La storia di Hitler, che non si può iscrivere ai social con il suo vero nome
Chiamare il proprio figlio con il nome di uno spietato dittatore responsabile della morte di milioni di persone può non sembrare qualcosa di particolarmente sensibile da fare, ma il padre di Hitler Cirraguista – giornalista panamense di 50 anni – voleva semplicemente dimostrare che un nome non determina il destino di una persona, e che poteva esistere benissimo "un Hitler buono". Mezzo secolo dopo purtroppo i social network e il mondo di Internet sembrano avere qualche problema con questa presa di posizione lodevole, e stanno facendo di tutto per censurare la presenza del signor Cirraguista dalle proprie pagine, trattata alla stregua di un insulto alla Storia e alle vittime del regime nazista. La storia la raccontata in questi giorni lo stesso Hitler Cirraguista al quotidiano El Pais, confessando che servizi come Facebook e Google gli impediscono di iscriversi sui loro server usando il suo nome proprio.

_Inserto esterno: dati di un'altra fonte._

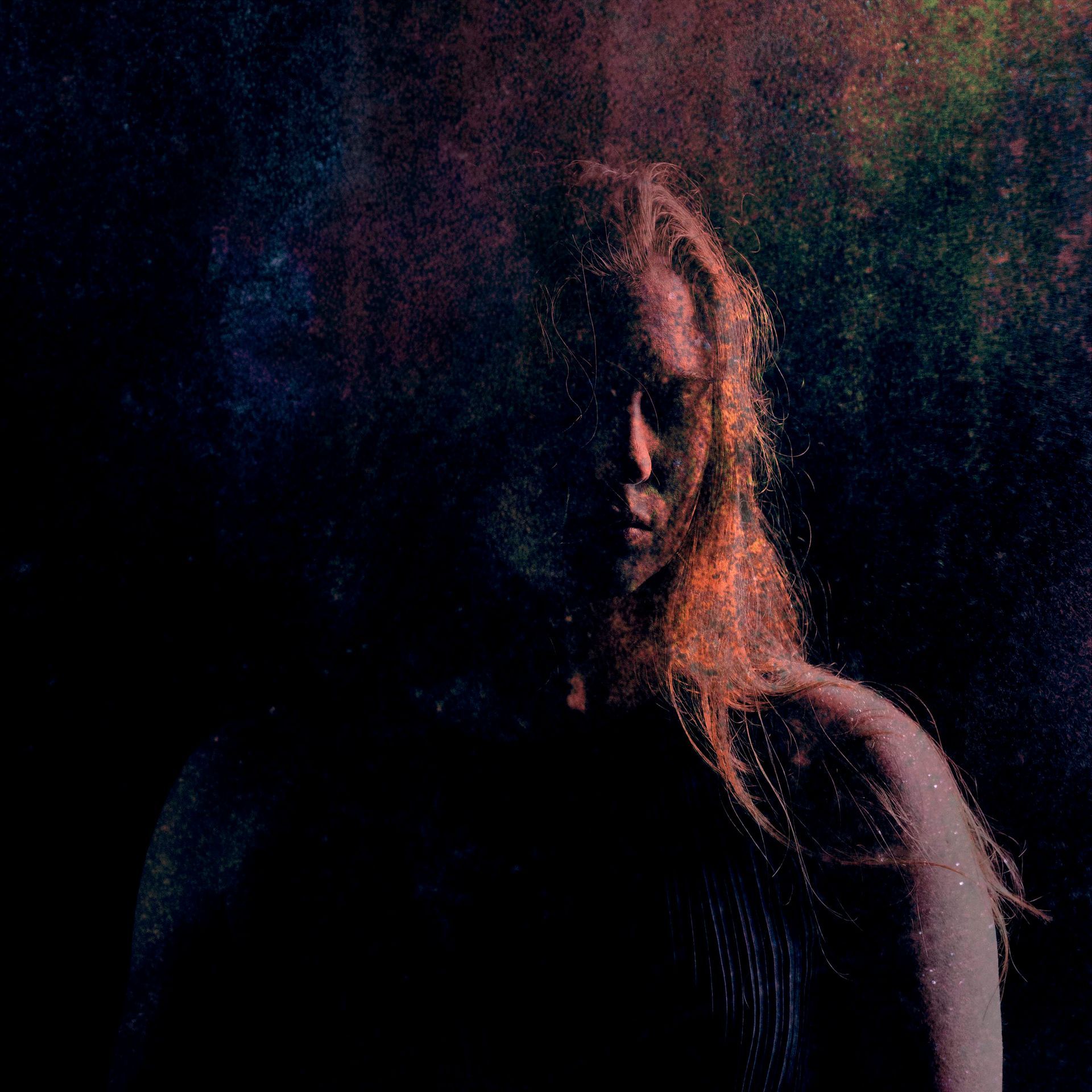 A woman with long hair is standing in the dark.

In realtà la Rete è l'ultimo degli scenari che per tutta la vita hanno dato problemi di qualche tipo a Cirraguista a causa del suo nome, a cominciare dal battesimo – quando il prete che ha officiato il sacramento non ha voluto registrare come nome il solo Hitler e ha persuaso il padre ad aggiungere José come primo nome; alla scuola del figlio Carlos, Hitler si fa chiamare con il nome di quest'ultimo – poiché a Panama è usanza comune che padre e figlio abbiano lo stesso nome ed è meno complicato presentarsi in questo modo. In generale però, fatta salva l'opinione di chi pensa che il nome sia stato scelto per motivi ideologici, la maggior parte degli ambienti si sono rivelati neutrali nei confronti dell'omonimia: Cirraguista ad esempio scrive sul quotidiano locale El Capital Financiero dove si firma tranquillamente con nome e cognome.
Sul social network di Mark Zuckerberg ha però dovuto riprendere in prestito il nome di Carlos: secondo la sua testimonianza, sembra che gli algoritmi interni al social pensati per filtrare i contenuti che incitano all'odio abbiano trattato il suo nome come una sorta di omaggio di cattivo gusto al dittatore nazista, bloccandogli dunque la possibilità di procedere con l'iscrizione. Con altri servizi le cose sono andate in modo leggermente diverso: LinkedIn e Twitter mostrano l'account del giornalista completo di nome e cognome, ma creare un account su Gmail ha dato problemi. Non solo: a quanto raccontato, anche le persone che devono rivolgersi a lui tramite posta elettronica utilizzando il serivizio di Google rischiano di vedersi il messaggio non recapitato perché finito nella rete di filtri interna ai server della casa di Mountain View.